This is another right time to discuss the 8th Assembly within the construct of the last four years of democracy under our leaders. There are so many leaders in this contextual reporting of the last four years, for instance. The trouble still has been that though we have tried our best to discuss the fine points of federalism as our paradise lost, yet there has been too much of unitarism even in our journalism and analysis of our paralysis. Most publishers would like to fund national newspapers. They always hate regional newspapers and journals that would not reach the powerful political actors in Abuja. There will be no lead story for (page one) in the newsroom even in Lagos generally believed to be the economic capital of the West Coast of Africa if the Abuja bureau chief and his/her reporters have not filed stories from the nation’s capital, Abuja.

Yes, we blame the governors for looking up to the hills and rocks in Abuja for sustenance every month, yet we too think we can’t survive even in the media without ‘national stories’from Abuja where the leader we perceive to be the most powerful in Africa is resident. Metro stories from thelocal, poor people are inconsequential and so we think they are not read and no one watches or listens to them- and so must be confined to the obscure corners and hours. We seem to have been conquered by the power and values of Abuja, the military through their Hurricane General Murtala Mohammed gave us on 3rd February 1976.

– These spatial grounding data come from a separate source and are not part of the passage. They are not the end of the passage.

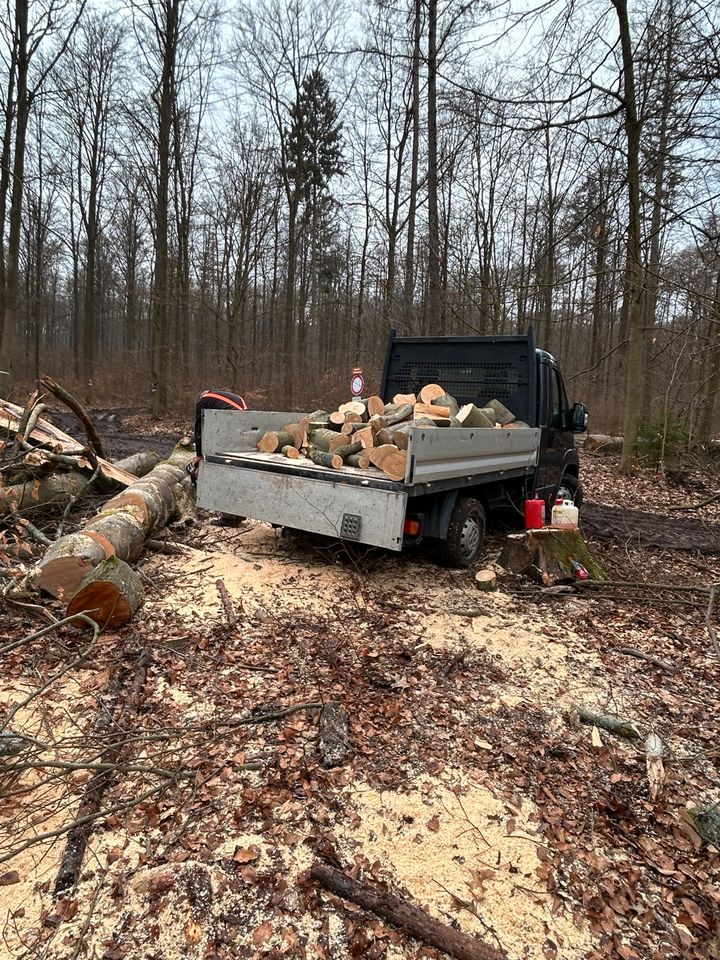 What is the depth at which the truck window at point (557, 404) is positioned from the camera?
6.95 m

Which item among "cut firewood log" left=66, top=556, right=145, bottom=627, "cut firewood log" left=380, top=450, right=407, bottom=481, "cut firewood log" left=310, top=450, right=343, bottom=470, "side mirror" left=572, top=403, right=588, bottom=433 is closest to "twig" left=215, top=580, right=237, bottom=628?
"cut firewood log" left=66, top=556, right=145, bottom=627

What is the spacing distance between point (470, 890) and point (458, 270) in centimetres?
1708

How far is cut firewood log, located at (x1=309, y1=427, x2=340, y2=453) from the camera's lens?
542 centimetres

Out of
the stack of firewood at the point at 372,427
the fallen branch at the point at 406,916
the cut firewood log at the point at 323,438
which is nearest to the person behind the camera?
the fallen branch at the point at 406,916

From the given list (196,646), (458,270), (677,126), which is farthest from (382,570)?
(458,270)

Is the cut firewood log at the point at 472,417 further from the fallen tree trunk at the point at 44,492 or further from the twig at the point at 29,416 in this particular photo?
the twig at the point at 29,416

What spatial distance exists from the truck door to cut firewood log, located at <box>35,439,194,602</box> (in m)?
4.54

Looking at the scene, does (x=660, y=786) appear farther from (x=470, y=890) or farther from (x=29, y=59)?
(x=29, y=59)

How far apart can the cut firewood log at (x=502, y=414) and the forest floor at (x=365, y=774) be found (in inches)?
88.4

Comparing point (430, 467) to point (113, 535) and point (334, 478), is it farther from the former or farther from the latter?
point (113, 535)

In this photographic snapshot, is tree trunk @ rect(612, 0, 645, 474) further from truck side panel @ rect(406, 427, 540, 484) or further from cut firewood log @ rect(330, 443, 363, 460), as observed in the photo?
cut firewood log @ rect(330, 443, 363, 460)

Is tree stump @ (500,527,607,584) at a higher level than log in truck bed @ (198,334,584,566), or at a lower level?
lower

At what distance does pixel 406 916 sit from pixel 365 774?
2.44 ft

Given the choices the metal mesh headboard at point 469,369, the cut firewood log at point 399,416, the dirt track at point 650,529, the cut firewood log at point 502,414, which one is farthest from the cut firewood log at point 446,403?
the dirt track at point 650,529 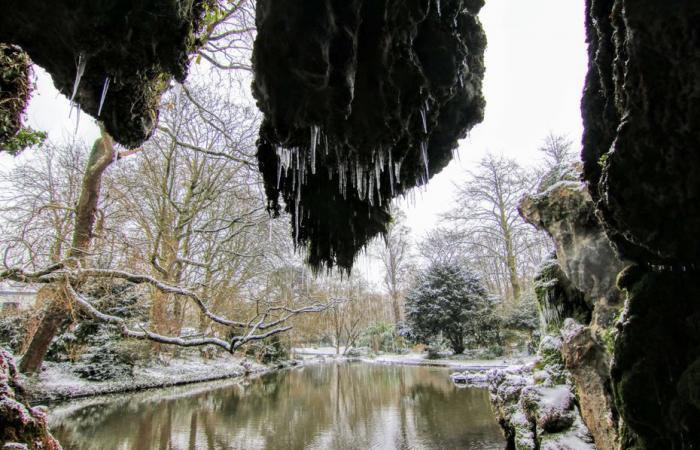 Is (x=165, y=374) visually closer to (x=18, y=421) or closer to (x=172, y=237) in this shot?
(x=172, y=237)

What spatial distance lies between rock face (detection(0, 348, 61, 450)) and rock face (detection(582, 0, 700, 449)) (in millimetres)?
5116

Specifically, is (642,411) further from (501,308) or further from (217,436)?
(501,308)

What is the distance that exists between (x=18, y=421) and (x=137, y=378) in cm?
1041

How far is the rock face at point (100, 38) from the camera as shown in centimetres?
253

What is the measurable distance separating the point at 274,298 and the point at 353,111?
1962 centimetres

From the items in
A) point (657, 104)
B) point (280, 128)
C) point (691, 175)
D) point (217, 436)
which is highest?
point (280, 128)

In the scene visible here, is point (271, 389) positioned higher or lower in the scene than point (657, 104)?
lower

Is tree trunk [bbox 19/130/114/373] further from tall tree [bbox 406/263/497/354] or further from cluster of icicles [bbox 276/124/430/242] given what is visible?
tall tree [bbox 406/263/497/354]

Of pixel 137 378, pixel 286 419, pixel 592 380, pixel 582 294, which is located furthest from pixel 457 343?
pixel 592 380

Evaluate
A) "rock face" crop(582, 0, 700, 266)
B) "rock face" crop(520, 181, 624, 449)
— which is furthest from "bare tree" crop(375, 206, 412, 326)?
"rock face" crop(582, 0, 700, 266)

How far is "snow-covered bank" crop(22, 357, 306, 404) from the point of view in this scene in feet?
32.2

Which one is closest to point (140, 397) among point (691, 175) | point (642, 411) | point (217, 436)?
point (217, 436)

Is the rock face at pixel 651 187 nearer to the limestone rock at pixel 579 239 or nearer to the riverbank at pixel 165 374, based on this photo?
the limestone rock at pixel 579 239

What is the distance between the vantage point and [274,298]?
2133 cm
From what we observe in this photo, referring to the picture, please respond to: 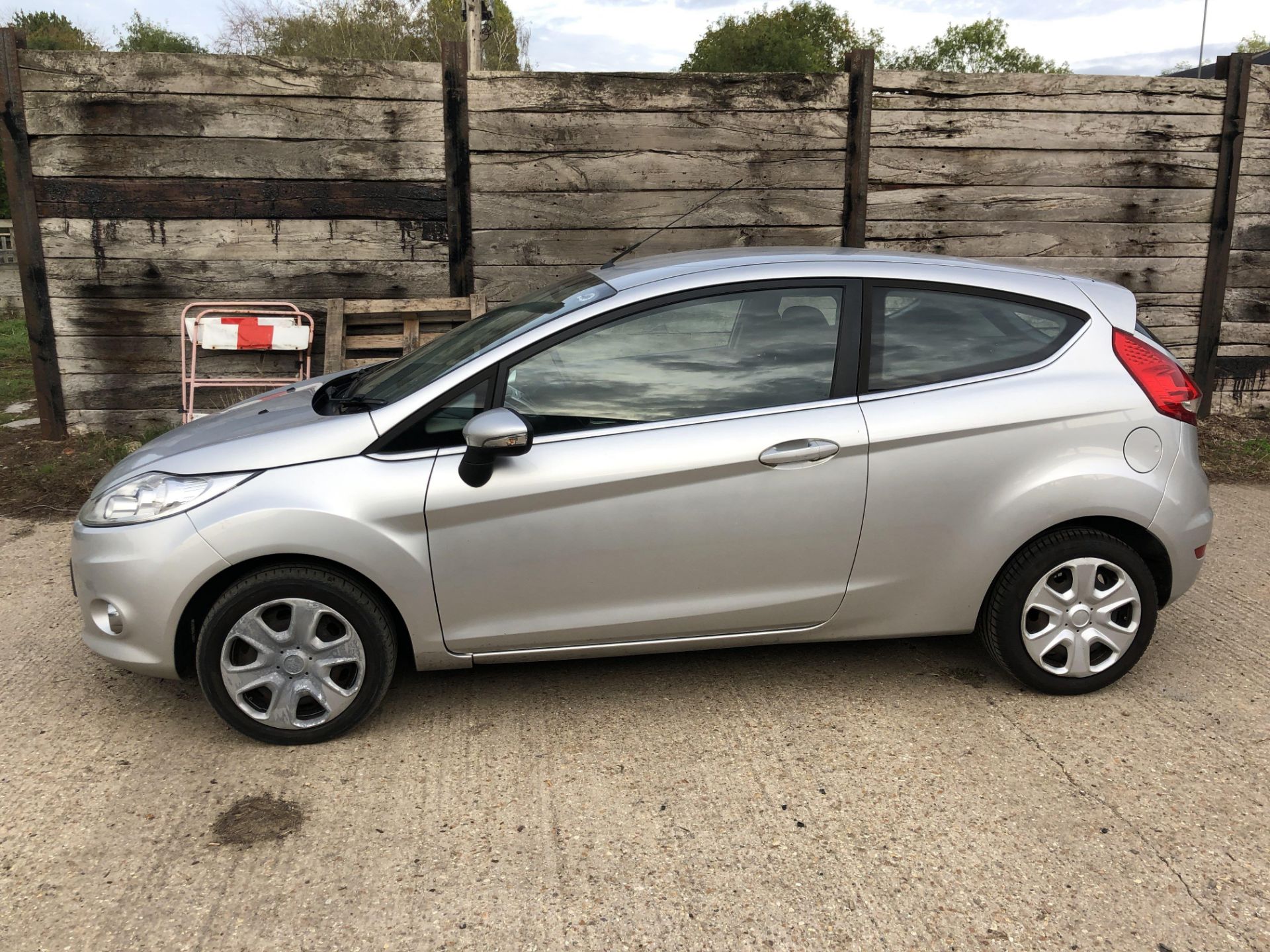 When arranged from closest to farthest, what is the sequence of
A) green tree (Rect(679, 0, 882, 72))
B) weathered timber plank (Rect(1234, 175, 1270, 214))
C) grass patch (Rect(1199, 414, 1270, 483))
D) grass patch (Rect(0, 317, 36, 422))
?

It seems to me that the Nigeria’s taciturn leader in Abuja, President Muhammadu Buhari is the only leader in the country some concerned citizens say they want restructured now. One of my senior colleagues scared me the other day in an informal conversation when he asked me to point out leaders of thought from South South through the South East and West to the North Central who can mobilise their people against President Buhari who will be sworn in for a second term on Wednesday this week.

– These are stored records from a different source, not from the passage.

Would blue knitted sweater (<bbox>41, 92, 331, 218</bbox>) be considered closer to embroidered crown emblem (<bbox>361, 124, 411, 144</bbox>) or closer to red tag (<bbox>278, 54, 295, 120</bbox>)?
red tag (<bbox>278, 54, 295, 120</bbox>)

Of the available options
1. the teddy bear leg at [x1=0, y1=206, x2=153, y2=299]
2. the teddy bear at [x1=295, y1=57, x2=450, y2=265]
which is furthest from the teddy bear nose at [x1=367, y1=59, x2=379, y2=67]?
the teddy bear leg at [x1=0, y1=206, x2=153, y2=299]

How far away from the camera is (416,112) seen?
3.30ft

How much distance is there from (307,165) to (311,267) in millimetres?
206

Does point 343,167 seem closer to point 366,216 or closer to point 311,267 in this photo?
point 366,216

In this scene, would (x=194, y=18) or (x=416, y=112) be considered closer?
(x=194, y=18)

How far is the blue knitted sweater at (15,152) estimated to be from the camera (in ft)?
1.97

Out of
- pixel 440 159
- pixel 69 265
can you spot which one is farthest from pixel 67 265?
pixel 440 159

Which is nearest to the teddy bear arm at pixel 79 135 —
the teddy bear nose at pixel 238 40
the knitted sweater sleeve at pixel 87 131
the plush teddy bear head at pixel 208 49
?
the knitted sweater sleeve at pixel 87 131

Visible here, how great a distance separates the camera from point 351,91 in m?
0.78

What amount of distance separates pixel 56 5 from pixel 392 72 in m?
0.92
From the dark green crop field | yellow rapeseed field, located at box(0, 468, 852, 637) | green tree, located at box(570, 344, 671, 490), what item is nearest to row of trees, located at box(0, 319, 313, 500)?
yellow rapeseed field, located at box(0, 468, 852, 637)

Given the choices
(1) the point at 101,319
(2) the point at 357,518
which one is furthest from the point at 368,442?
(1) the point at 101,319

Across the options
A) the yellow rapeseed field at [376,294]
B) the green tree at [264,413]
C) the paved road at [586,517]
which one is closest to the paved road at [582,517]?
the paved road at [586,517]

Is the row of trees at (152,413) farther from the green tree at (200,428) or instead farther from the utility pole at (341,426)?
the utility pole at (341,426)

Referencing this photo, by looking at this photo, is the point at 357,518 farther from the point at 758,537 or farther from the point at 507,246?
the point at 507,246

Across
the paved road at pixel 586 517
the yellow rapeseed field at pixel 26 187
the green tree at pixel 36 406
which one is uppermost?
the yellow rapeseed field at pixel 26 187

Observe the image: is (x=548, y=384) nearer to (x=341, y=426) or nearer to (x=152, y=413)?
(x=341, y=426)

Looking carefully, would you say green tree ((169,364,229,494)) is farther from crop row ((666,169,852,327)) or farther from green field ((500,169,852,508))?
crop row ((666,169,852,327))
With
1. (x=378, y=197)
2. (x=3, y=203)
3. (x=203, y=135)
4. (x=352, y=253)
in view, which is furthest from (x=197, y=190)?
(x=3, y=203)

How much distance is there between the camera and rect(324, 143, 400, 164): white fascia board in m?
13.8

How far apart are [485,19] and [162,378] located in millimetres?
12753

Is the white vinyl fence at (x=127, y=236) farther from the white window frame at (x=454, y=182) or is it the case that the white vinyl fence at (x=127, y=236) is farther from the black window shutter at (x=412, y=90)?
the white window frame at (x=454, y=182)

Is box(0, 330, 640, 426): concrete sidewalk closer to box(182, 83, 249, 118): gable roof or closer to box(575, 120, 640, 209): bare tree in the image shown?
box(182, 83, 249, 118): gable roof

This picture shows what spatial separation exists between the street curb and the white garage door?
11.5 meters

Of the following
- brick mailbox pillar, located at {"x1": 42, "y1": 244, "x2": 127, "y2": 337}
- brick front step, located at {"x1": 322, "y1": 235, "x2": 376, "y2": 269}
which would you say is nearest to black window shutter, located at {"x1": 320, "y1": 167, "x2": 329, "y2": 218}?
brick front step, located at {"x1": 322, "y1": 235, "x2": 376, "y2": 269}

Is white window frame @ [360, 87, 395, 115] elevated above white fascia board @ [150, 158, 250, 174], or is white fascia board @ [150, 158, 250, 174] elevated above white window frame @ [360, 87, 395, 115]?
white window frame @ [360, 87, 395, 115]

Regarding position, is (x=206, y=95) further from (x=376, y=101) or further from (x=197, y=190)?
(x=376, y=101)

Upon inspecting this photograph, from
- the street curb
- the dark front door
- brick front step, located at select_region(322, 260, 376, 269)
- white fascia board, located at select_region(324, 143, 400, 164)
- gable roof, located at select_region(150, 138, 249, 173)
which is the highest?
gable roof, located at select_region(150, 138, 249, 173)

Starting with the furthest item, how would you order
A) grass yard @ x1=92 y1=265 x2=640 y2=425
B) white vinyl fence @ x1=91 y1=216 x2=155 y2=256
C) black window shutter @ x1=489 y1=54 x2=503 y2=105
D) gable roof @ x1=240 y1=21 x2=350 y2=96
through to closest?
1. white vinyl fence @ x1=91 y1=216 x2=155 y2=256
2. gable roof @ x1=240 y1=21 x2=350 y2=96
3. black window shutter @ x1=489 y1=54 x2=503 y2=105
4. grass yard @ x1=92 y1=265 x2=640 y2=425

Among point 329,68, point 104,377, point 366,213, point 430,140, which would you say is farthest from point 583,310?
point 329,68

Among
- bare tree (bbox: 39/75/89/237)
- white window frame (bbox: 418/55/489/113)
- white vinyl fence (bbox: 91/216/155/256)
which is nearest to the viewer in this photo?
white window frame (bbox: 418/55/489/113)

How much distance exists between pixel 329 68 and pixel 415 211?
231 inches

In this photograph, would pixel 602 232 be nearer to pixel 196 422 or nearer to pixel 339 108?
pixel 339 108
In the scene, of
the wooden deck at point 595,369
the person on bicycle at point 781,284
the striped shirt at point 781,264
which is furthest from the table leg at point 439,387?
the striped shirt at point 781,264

Specifically, who is the political leader of the South South now who can call and the people will answer? Is there any clear charismatic leader in the South East now? Where is an authentic leader in South West at this moment who can mobilise the Yoruba for a possible mission? Don’t get it twisted, former President Olusegun Obasanjo is only a national and ‘glocal’ leader of Yoruba extraction. He is not an Awolowo. Bola Asiwaju Tinubu has not been accepted as an authentic leader of the Yoruba at this time. Though the Yoruba nation now without a clear leader, may not allow the new hawks in Abuja to devour him if the come comes to become for ‘#Project2023’, Asiwaju is still not a leader the Yoruba can trust at the moment. Who is leading the North Central and even the Middle Belt now? As the old banana trees are dying, where are the suckers that will grow to challenge the growing confidence of the Abuja strongman? It is not an illusion anymore, President Buhari’s confidence is growing luxuriantly like yam tendrils I used to see in my father’s farm in those day’s rainy seasons.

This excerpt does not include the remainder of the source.